Simply put, the yearly under- or overestimation of vine yield by producers leads to under- or overestimated wine volumes which in turn could lead to a loss of money. It is estimated that the expected error could be up to 20% for forecasts based on bunch counts in spring, 10 – 15% for forecasts based on berry counts at fruit set and 5% on harvesting segments close to the harvest. The estimated yield has a direct effect on cellar capacity, chemical usage and marketing activities. For growers, yield directly impacts planning of the harvesting processes and the scheduling of labour and machinery. Current yield prediction largely relies on historical yield data and weather indices combined with manual vineyard measurements and sampling, but this approach is inaccurate and time consuming.


What measuring parameters and sources were used in this study?

Selected production areas with the required “big datasets” (block specific and remote sensing derived) were included in the study and extended over the Coastal, Breede and Olifants Wine of Origin regions of the Western Cape.

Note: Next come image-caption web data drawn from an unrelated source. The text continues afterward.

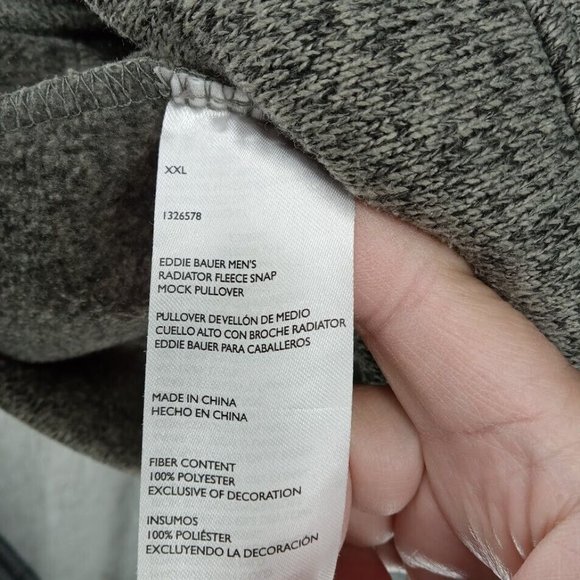 Eddie Bauer Sweater Mens XXL Gray Heather Knit Pullover Button Snap Fleece - Picture 6 of 9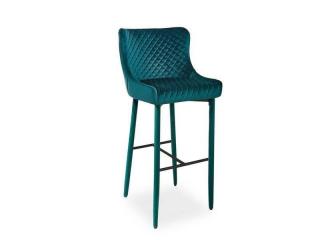 Praktická barová stolička čalúnená kvalitnou látkou zelená/zelená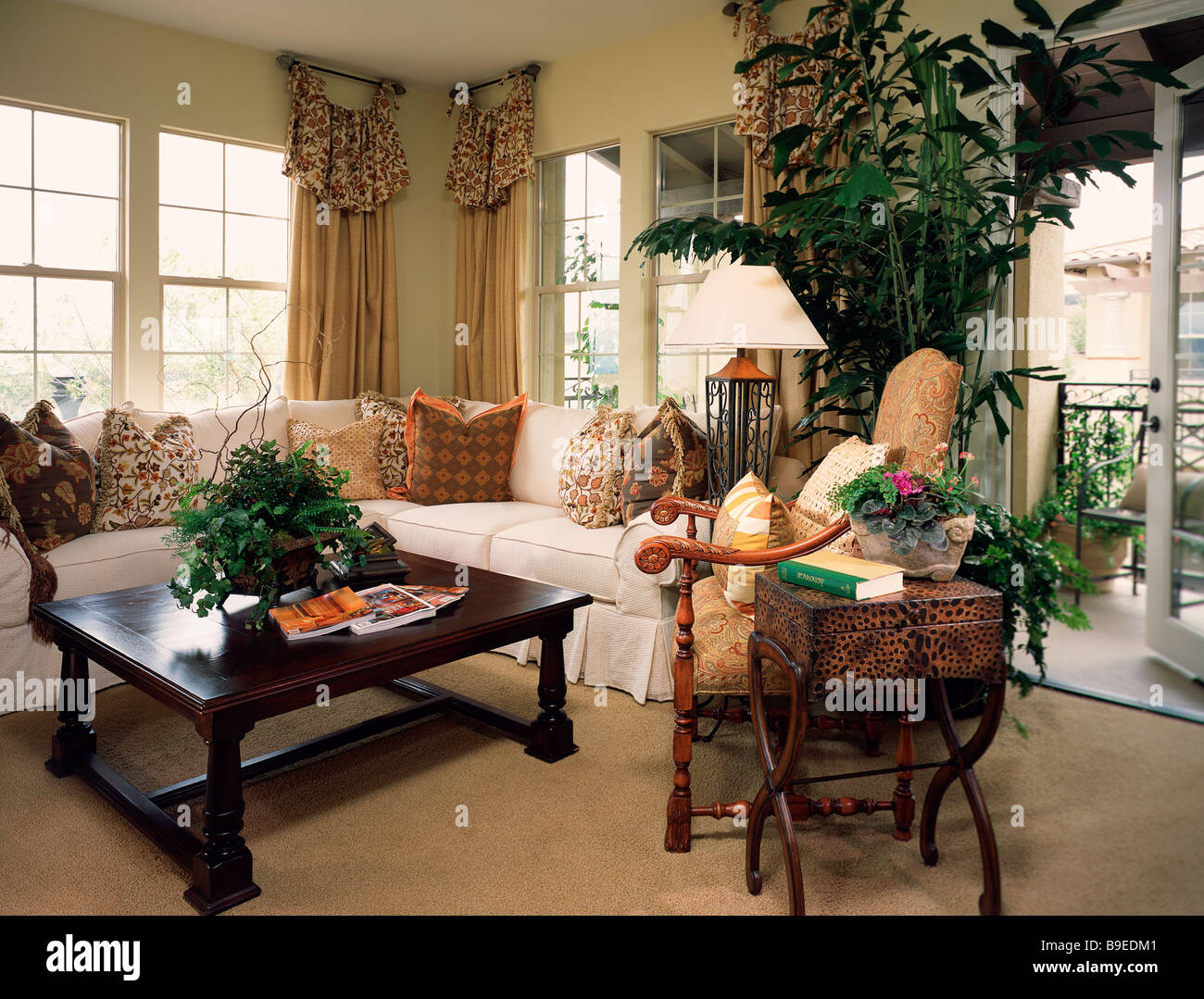 Living room with sectional sofa Stock Photo - Alamy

Three main data sources were considered:

• FruitLook data – weekly FL spatial datasets on crop growth, water use and nitrogen content for five production seasons (October until April for 2011/12 to 2015/16) at a spatial resolution of 20 m.
• Crop production data – actual vineyard block production information (quality and quantity) for the above-mentioned five production seasons obtained through the industry.
• Block boundaries – vineyard block field boundary information obtained through the industry, indicating the geographical locations and extent of the fields considered.

Additional datasets were derived and all datasets were joined at block level to study the relationship between crop yield and RS derived FL data, using a combination of statistical modelling and ML. Initially the ML involved manually changing target variables, but subsequently a brute force approach was applied. This involved a near-exhaustive set of experiments, each using a different permutation of target variables, input variables and geographical areas.

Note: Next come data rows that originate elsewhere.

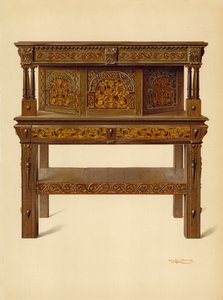 Eichenstehbuffet, Eigentum von Edward Quilter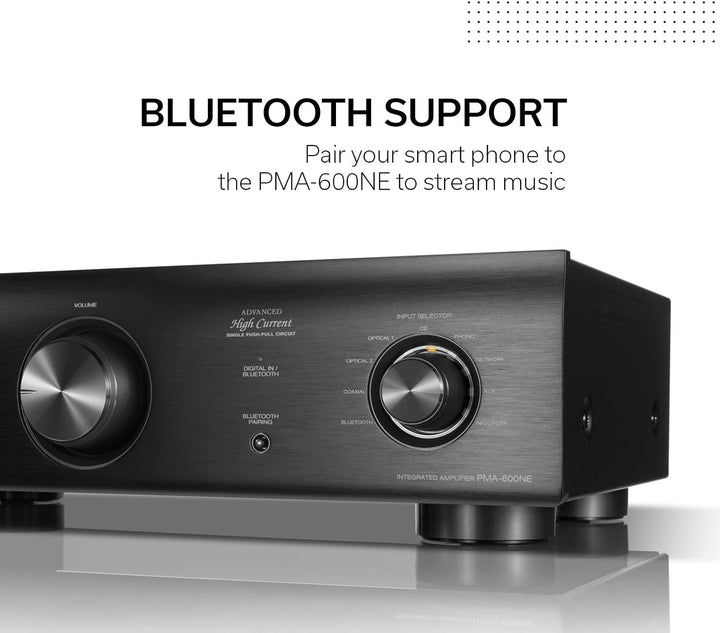 Denon PMA600NE HiFi-Verstärker, Endstufe mit Bluetooth, Phono-Equalizer, 1x Koaxial- & 2x Optischer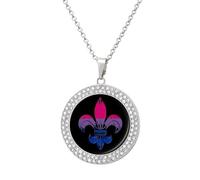 Bisexual LGBT Pride Flag Fleur De Lis Personalized Picture Necklace Photo Pendant Custom Memorial Jewelry for Women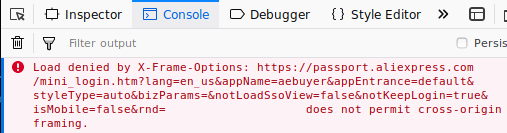 Console error of Aliexpress login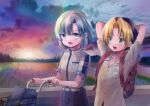  2boys :d arms_behind_head backpack bag belt bicycle black_hair blonde_hair blue_eyes blue_shorts child cloud cloudy_sky collared_shirt colored_bangs commentary_request curtained_hair dawn emblem green_eyes grey_hair high-waist_shorts hikaru_no_go horizon lens_flare looking_at_another male_focus medium_hair multicolored_hair multiple_boys open_mouth outdoors parted_bangs pink_kairou pushing_bicycle red_bag school_bag school_uniform shindou_hikaru shirt short_sleeves shorts sky smile touya_akira two-tone_hair upper_body walking white_belt white_shirt 
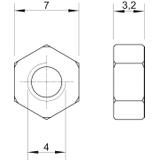 DIN 934, NAKRĘTKA SZEŚCIOKĄT. M4 STAL OC.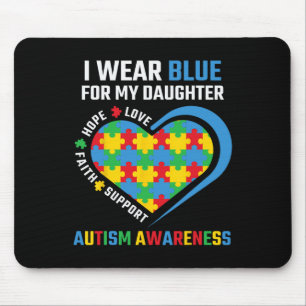 Tapis De Souris Puzzle Je Porte Du Bleu Pour Ma Fille Sensibilisat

What conclusions can be made from this study?

Although crop yield per block is frequently recorded, the associated hectares and other associated information are not regularly updated. The graphically delineating information (block boundaries) too are not readily available in electronic format.

This study was a first attempt to model grape yield using RS variables. The initial regression analyses to investigate the strongest relationships between individual FL variables and yield generally yielded poor results (R2 < 0.3), but the models improved when individual cultivars, specific regions and seasons were considered. For example, the 2014/15 season’s weekly (non-aggregated) FL variables yielded a strong (R2 = 0.83) model for Pinotage in the Coastal region. Other ML findings, especially from the Olifants River region, were very encouraging. When RF (Random Forest), an artificial intelligence classifier, was applied to the 2015/16 seasonal (aggregated) FL variables in this region, an overall accuracy of 85% was achieved when all the cultivars were considered. Similar results were also observed for the 2014/15, 2011/12 and 2013/14 seasons, confirming the consistently strong relationship between all the FL variables and yield for this region.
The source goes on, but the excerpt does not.